EXERCISE:
All lines in the data that hold the word "association" need copying.

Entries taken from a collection

-- -- --

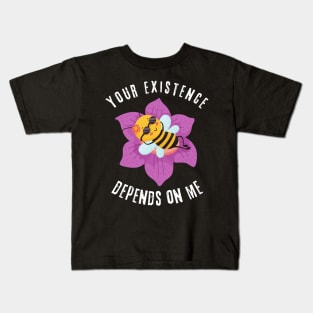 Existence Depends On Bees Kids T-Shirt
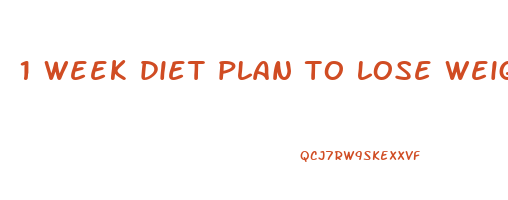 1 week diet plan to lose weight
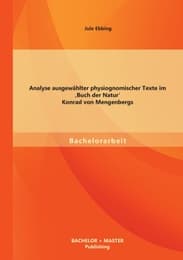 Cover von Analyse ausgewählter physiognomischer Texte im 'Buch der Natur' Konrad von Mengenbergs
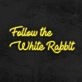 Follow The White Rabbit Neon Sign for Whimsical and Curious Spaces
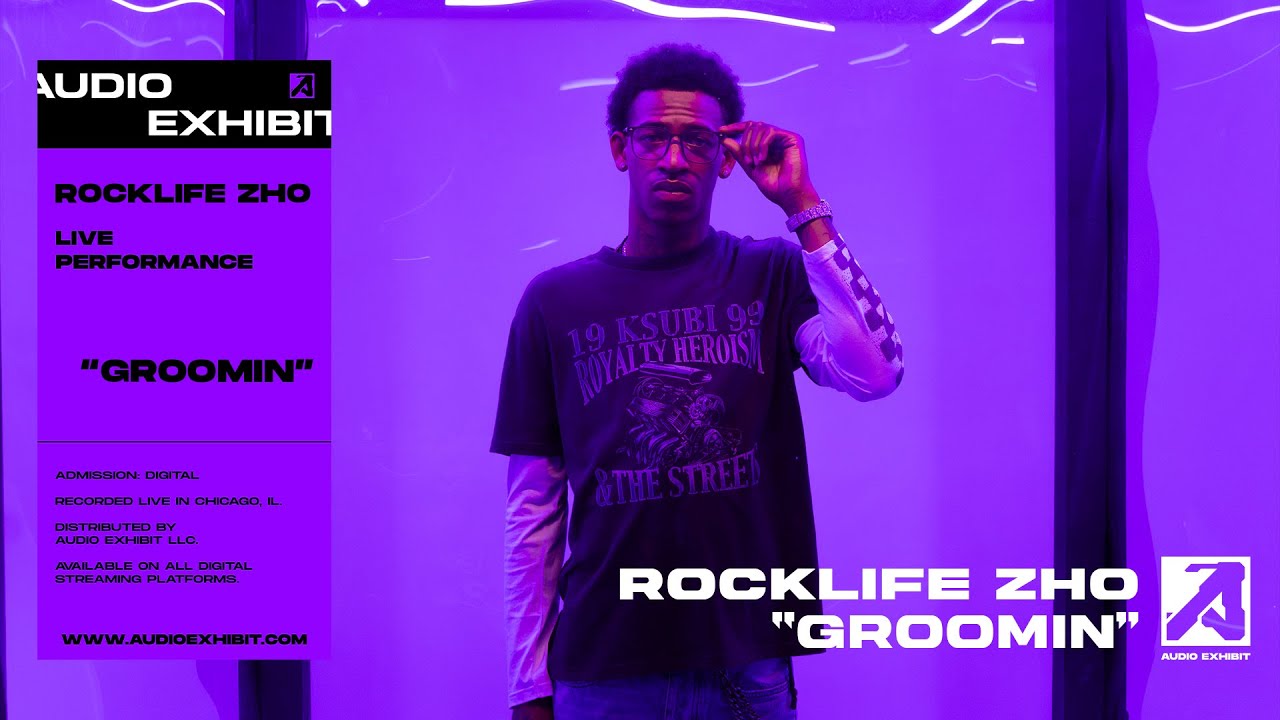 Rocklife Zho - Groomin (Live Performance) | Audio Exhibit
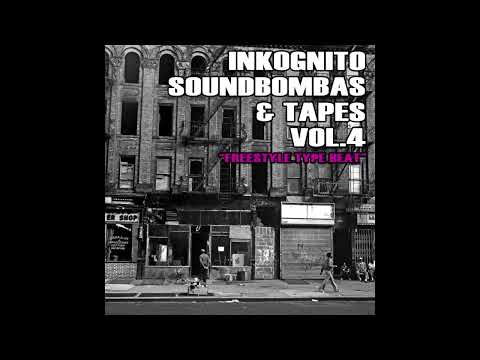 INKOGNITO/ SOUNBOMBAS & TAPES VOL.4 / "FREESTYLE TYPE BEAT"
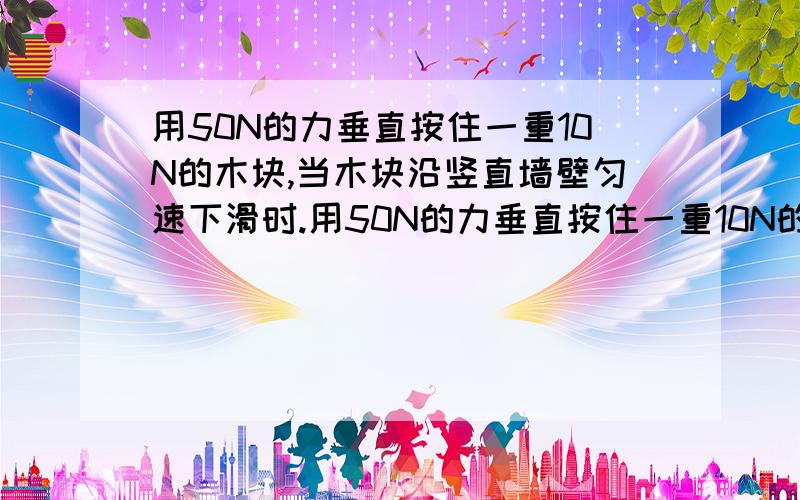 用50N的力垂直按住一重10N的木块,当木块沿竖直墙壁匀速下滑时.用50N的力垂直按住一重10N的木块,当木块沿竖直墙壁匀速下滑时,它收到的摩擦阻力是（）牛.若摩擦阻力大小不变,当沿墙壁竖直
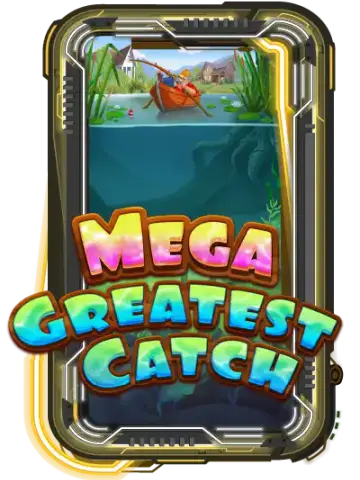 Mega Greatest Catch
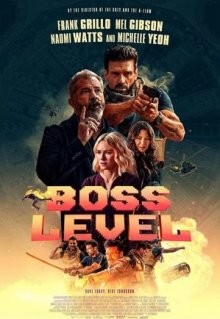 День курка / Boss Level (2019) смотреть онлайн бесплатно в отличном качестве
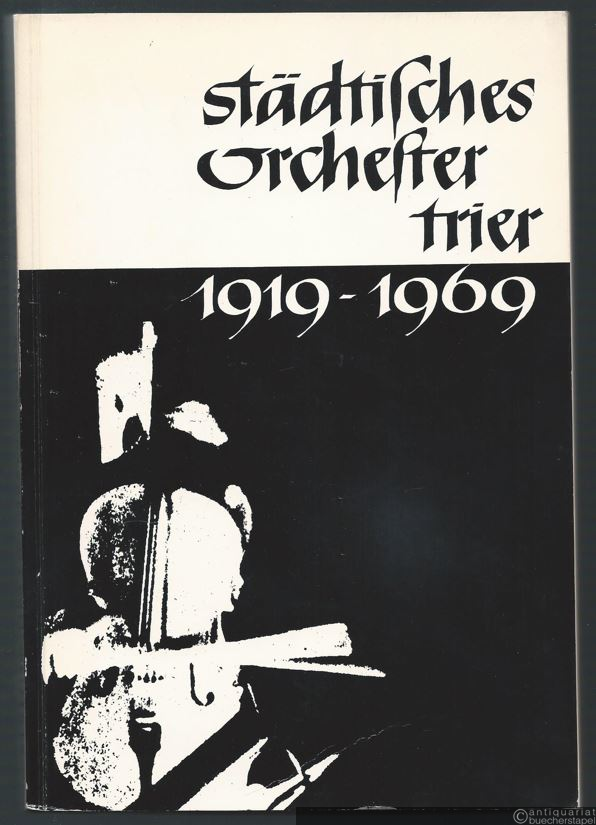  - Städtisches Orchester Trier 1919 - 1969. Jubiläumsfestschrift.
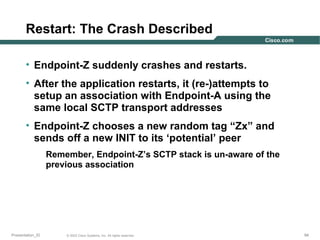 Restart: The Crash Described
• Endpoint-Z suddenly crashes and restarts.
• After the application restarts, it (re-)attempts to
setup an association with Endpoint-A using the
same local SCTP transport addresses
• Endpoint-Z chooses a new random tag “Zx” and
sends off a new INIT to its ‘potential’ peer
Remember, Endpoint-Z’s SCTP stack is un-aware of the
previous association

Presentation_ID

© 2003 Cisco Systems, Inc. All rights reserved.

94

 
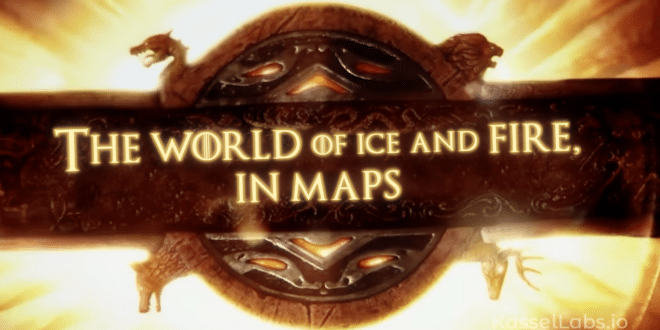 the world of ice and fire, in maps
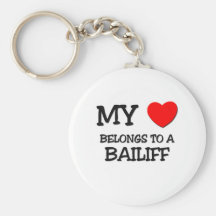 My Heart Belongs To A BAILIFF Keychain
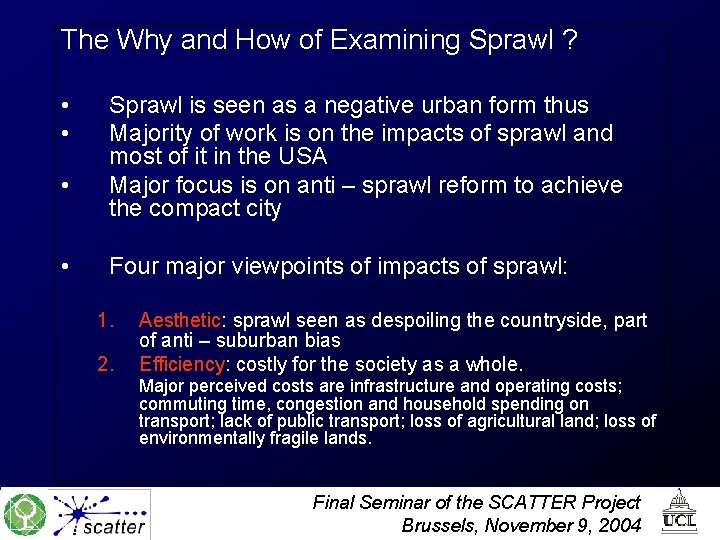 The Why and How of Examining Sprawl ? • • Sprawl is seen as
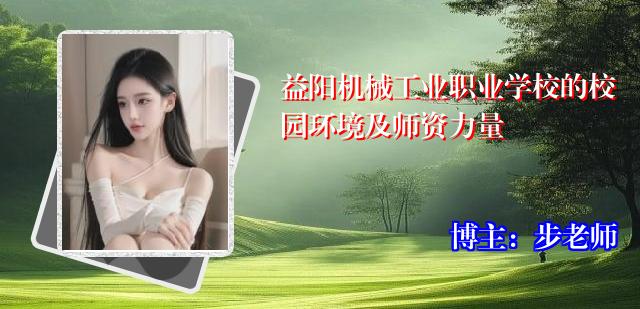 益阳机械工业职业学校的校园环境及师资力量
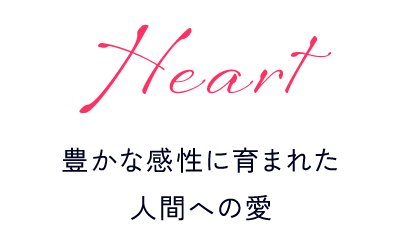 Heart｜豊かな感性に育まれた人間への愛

-- -- --

RESULT OF THIS TASK:
setup an association with Endpoint-A using the
previous association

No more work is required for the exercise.